▶ [WHAT IS EXPECTED] From the line that contains "Shalom Sprouties! This" through the end of the records below, write out each line exactly as it appears, but not the pictures.

(ENTRIES PROVIDED)

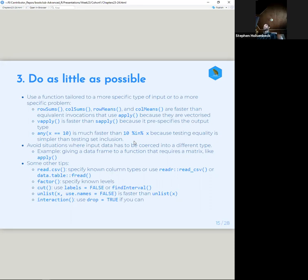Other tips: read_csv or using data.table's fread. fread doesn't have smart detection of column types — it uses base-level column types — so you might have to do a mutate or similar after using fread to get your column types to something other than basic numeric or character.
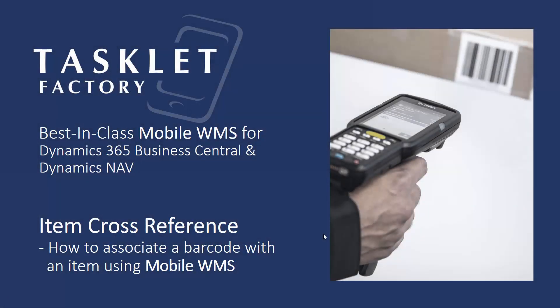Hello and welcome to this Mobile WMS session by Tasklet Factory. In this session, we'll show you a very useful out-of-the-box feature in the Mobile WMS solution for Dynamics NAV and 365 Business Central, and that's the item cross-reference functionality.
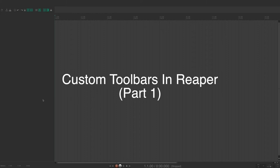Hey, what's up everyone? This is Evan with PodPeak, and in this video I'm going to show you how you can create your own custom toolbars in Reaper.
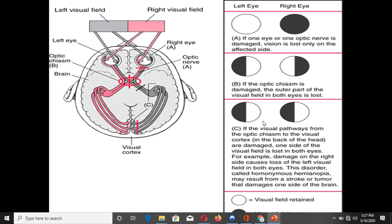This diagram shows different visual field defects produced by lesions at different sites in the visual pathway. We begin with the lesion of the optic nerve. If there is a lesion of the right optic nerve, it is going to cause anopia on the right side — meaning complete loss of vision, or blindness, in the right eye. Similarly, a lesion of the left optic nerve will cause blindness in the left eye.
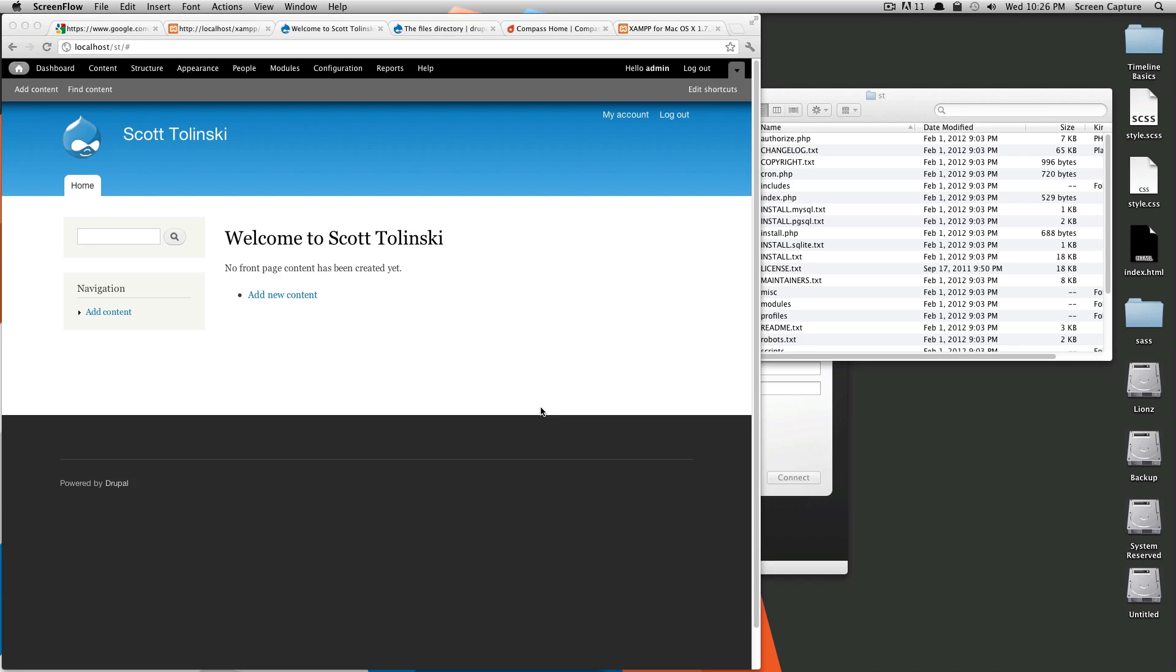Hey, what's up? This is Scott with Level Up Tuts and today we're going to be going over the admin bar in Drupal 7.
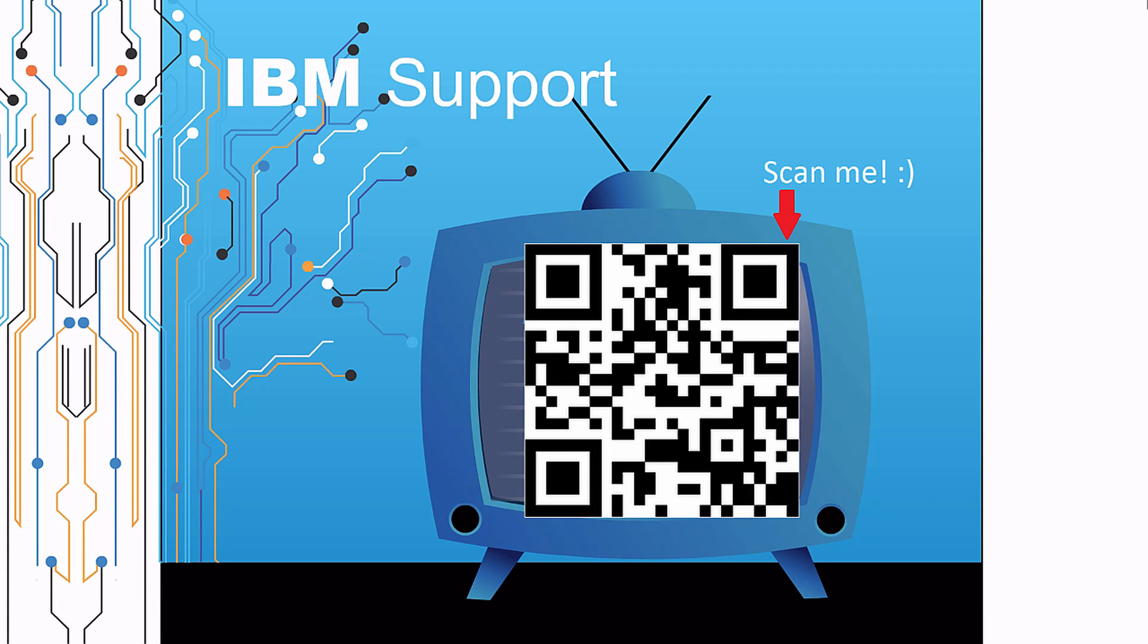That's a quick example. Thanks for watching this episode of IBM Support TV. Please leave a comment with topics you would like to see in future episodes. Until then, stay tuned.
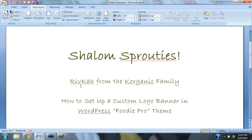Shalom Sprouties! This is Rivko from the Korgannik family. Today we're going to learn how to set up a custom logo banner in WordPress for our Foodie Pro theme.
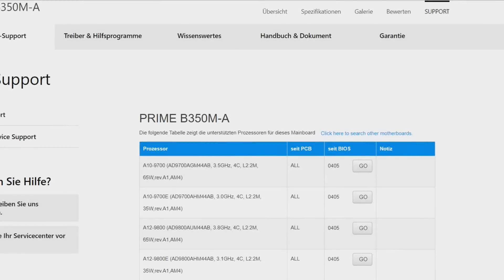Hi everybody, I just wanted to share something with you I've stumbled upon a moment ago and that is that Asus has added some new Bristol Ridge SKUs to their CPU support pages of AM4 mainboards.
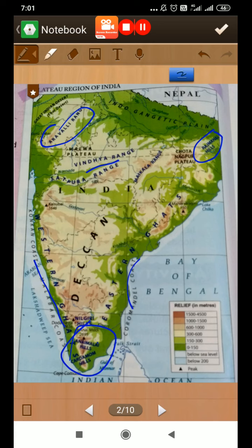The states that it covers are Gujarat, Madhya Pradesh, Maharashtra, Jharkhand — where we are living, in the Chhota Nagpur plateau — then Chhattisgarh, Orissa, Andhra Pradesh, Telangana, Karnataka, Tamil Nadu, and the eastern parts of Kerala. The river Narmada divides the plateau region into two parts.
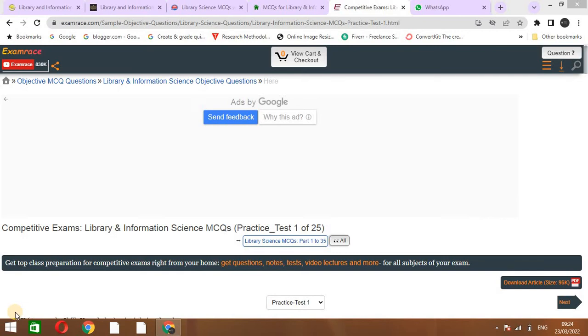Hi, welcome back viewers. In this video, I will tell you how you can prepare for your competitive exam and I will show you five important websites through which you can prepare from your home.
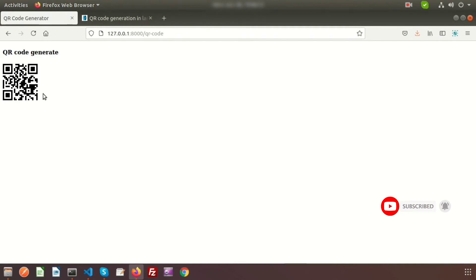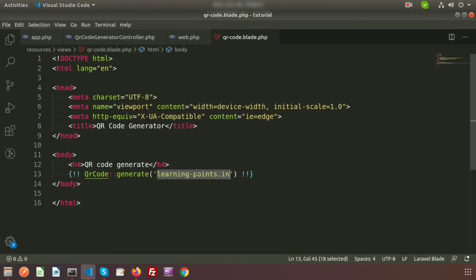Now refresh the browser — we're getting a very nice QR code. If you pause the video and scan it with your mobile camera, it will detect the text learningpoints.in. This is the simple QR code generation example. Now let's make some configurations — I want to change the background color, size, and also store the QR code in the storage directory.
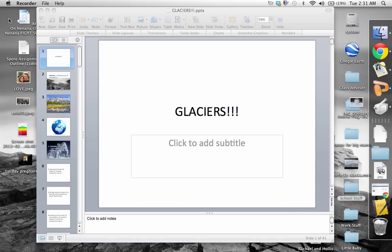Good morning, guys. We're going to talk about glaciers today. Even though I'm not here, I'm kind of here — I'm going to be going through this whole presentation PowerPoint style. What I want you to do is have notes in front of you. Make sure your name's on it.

(End ENTRIES PROVIDED)

▶ [EXERCISE ANSWER]
Shalom Sprouties! This is Rivko from the Korgannik family. Today we're going to learn how to set up a custom logo banner in WordPress for our Foodie Pro theme.
Hi everybody, I just wanted to share something with you I've stumbled upon a moment ago and that is that Asus has added some new Bristol Ridge SKUs to their CPU support pages of AM4 mainboards.
The states that it covers are Gujarat, Madhya Pradesh, Maharashtra, Jharkhand — where we are living, in the Chhota Nagpur plateau — then Chhattisgarh, Orissa, Andhra Pradesh, Telangana, Karnataka, Tamil Nadu, and the eastern parts of Kerala. The river Narmada divides the plateau region into two parts.
Hi, welcome back viewers. In this video, I will tell you how you can prepare for your competitive exam and I will show you five important websites through which you can prepare from your home.
Now refresh the browser — we're getting a very nice QR code. If you pause the video and scan it with your mobile camera, it will detect the text learningpoints.in. This is the simple QR code generation example. Now let's make some configurations — I want to change the background color, size, and also store the QR code in the storage directory.
Good morning, guys. We're going to talk about glaciers today. Even though I'm not here, I'm kind of here — I'm going to be going through this whole presentation PowerPoint style. What I want you to do is have notes in front of you. Make sure your name's on it.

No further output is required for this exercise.